My son who wasn’t really my son steered the boat around the western edge of Ford Island, bringing into view the distant naval shipyard, its dock cranes festooned in blinking red aircraft-warning lights.
He was such a handsome young man, both hands on the wheel, big, tall, and spread-legged at the console, every inch the successful lawyer, husband, and father, confidently enjoying yet another of Oahu’s perpetually perfect evenings.
“Anywhere along here,” I called up to him from the drinking deck.
He put the thirty-six-footer into neutral, then reverse, and let her idle down to a stop about two hundred yards off the rusting, gull-splattered battleship moorings. A moment later, as she gathered bare sternway, he hit the button to drop the anchor, then shut down the engines. He went forward, checked the anchor, and joined me back aft. He topped up my Scotch and then his.
“I gave her full scope,” he said. “Deep here.”
“Good idea,” I said. “People forget — Pearl Harbor’s a drowned crater.”
He sat back in his deck chair, tipped his glass in a casual salud, and enjoyed my single malt. I tipped my claw in his direction and did the same. He frowned at my stainless steel appendage.
“They make such good prostheses these days,” he said. “I can’t believe you want to keep that thing.”
I smiled in the growing darkness. “Koa wood peg leg, surgical steel claw? Aa-a-r-r, matey. All I need is an eye patch, an insolent parrot, and a bit more hair. Make all the pretty girls shiver their timbers — and other things.”
He laughed. “Used to make us kids shiver, too,” he said, “but for different reasons.” He sipped some more Scotch, then put down his glass.
“So,” he said. “You’ve flown all the way out from the East Coast. Great to see you, as always, but what’s the occasion?”
“I need to give you some news and tell you a story,” I said.
He frowned again. Being a lawyer, he probably did that a lot. People rarely brought good news to a lawyer. “You’re okay?” he asked. “Mom? Health issues?”

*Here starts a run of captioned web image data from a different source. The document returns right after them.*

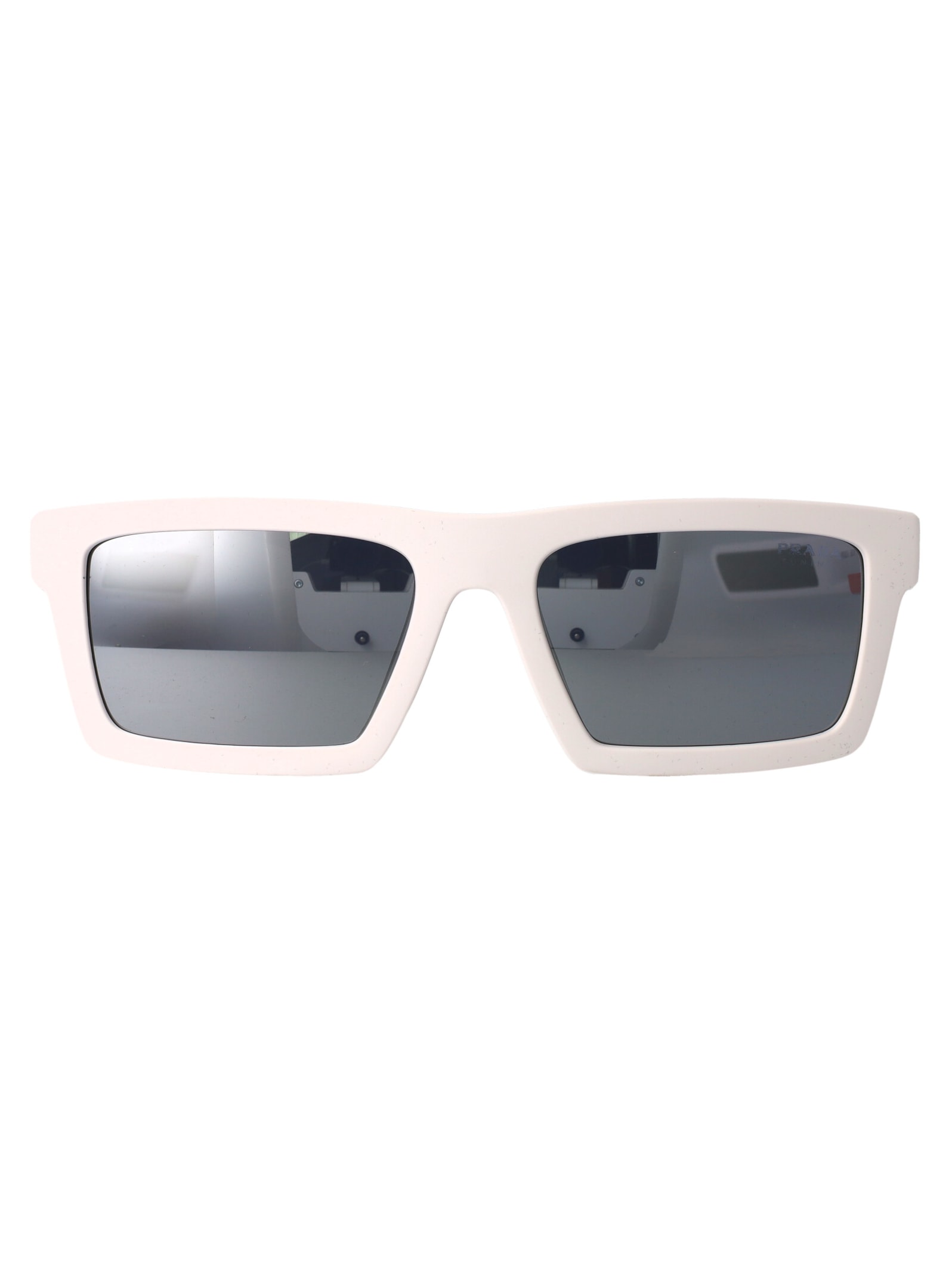 Prada 0ps 02zsu Sunglasses In 17s40a Matte White/black Rubber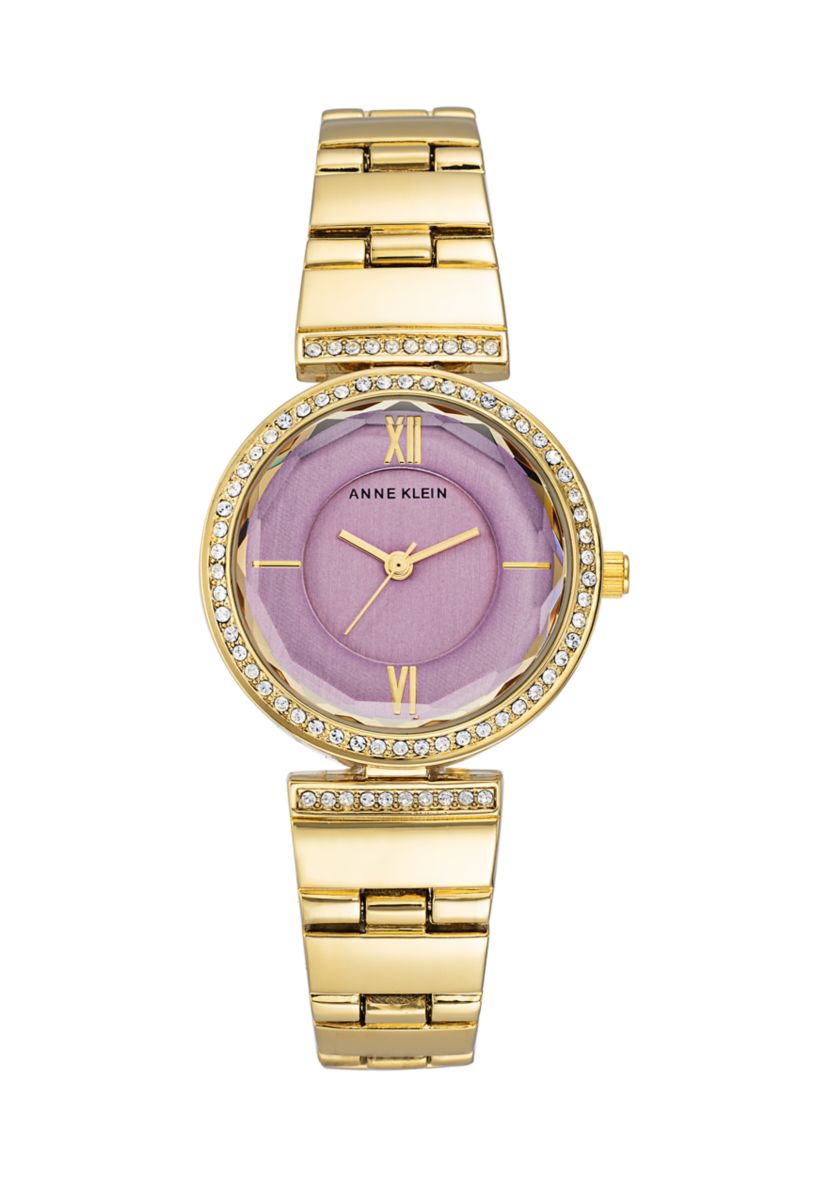 Round Lavender Mother of Pearl Dial Gold Plated Bracelet Watch 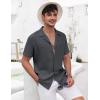 COOFANDY Men’s Casual Shirts Short Sleeve Button Down Shirts Fashion Textured Summer Beach Shirt(Dark Grey)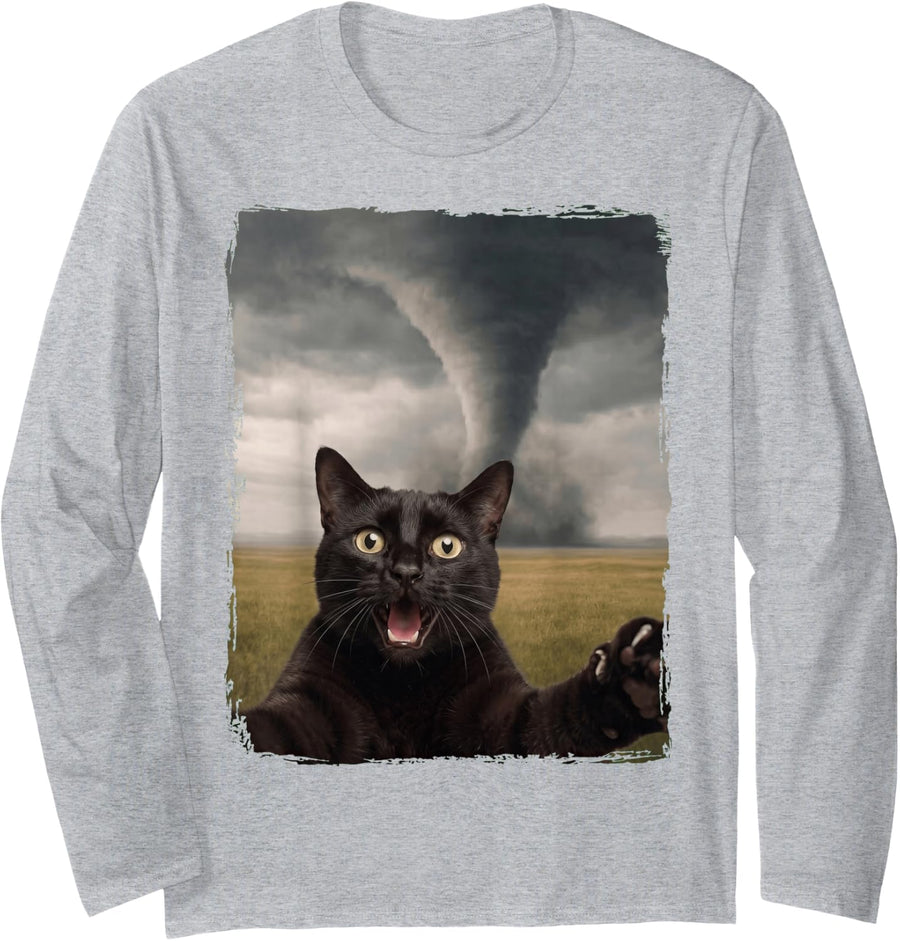 Black Cat Tornado Selfie Long Sleeve T-Shirt - Adult Unisex Heather Grey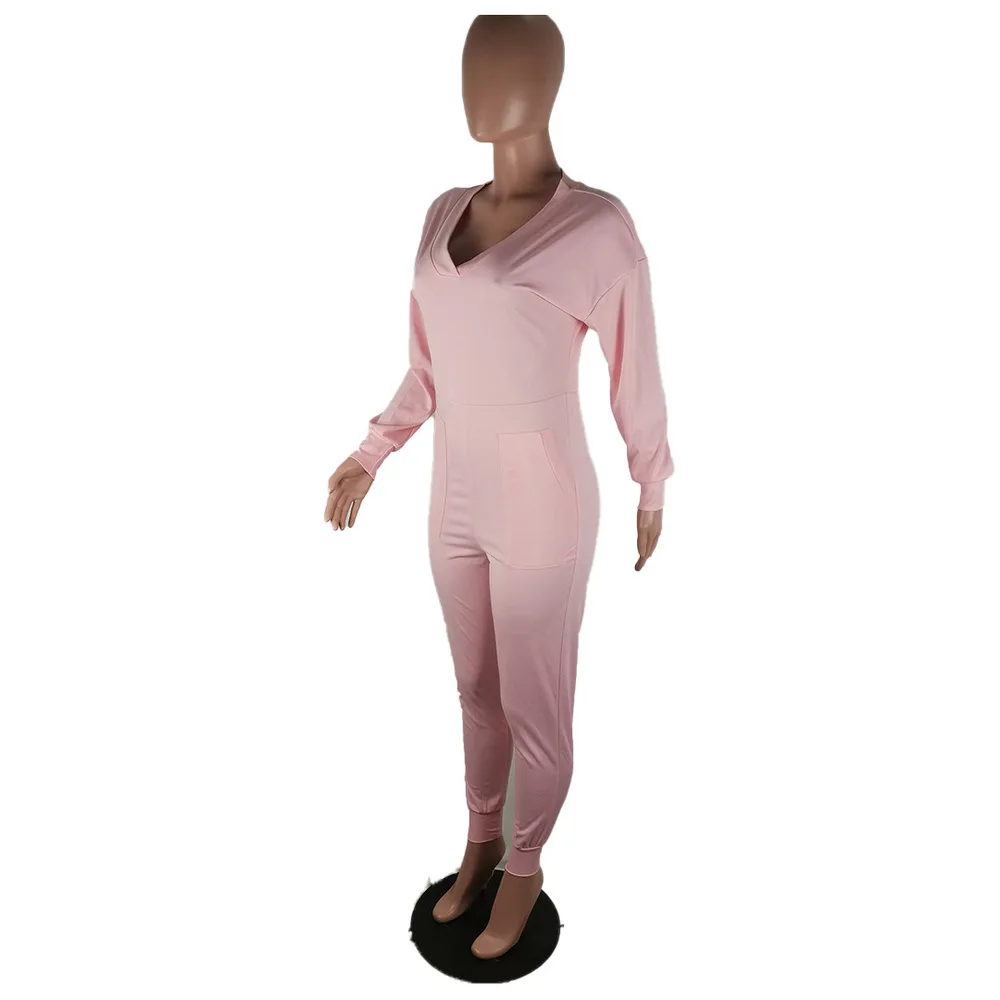 

Black Pink Casual Rompers Women Jumpsuit 2021 Deep V-neck Long Lantern Sleeve Party Overall High Street Pockets Bodycon Playsuit
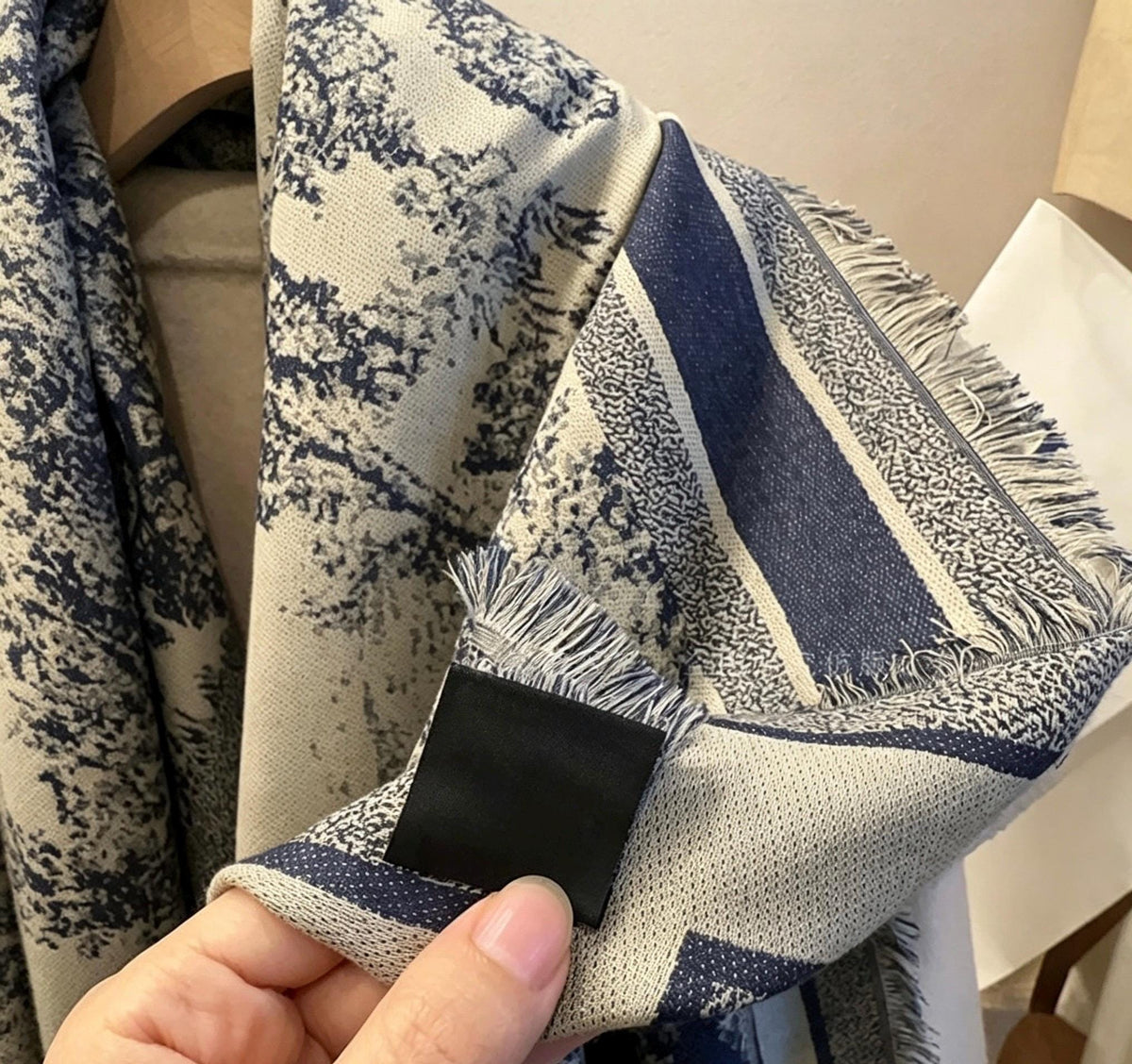 Heavy Jacquard Silk Wool Scarf, Jungle Animals Print Square Shawl, Large 55"x55" Winter Wrap, Luxury Gift for Her, Toile de Jouy Style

“We’re fine,” I said. “Nothing like that. No, this goes back to the war, and even a few years before. First the news.”
“Okay,” he said expectantly.
I took a deep breath. “I need to make a confession of sorts, and to tell you a very personal story.”
“A confession?” he asked, frowning. He was a corporate law guy, and for just a second, he’d dropped back into professional character.
“Yeah,” I said, “but not about a crime. Like I said, this goes back to the war.”
He looked away for a moment, staring off across the dark reaches of the harbor, toward the reed swamps of the Waipio Peninsula and the baleful sodium vapor lights of the naval ammunition depot.
“Am I going to like this story?”
“You need to hear it. I’ll let you decide how you feel about it. Is there more of that Scotch in the locker?”
“The world’s supply,” he said, settling into his chair.
The world’s supply, I thought. His father used to say that.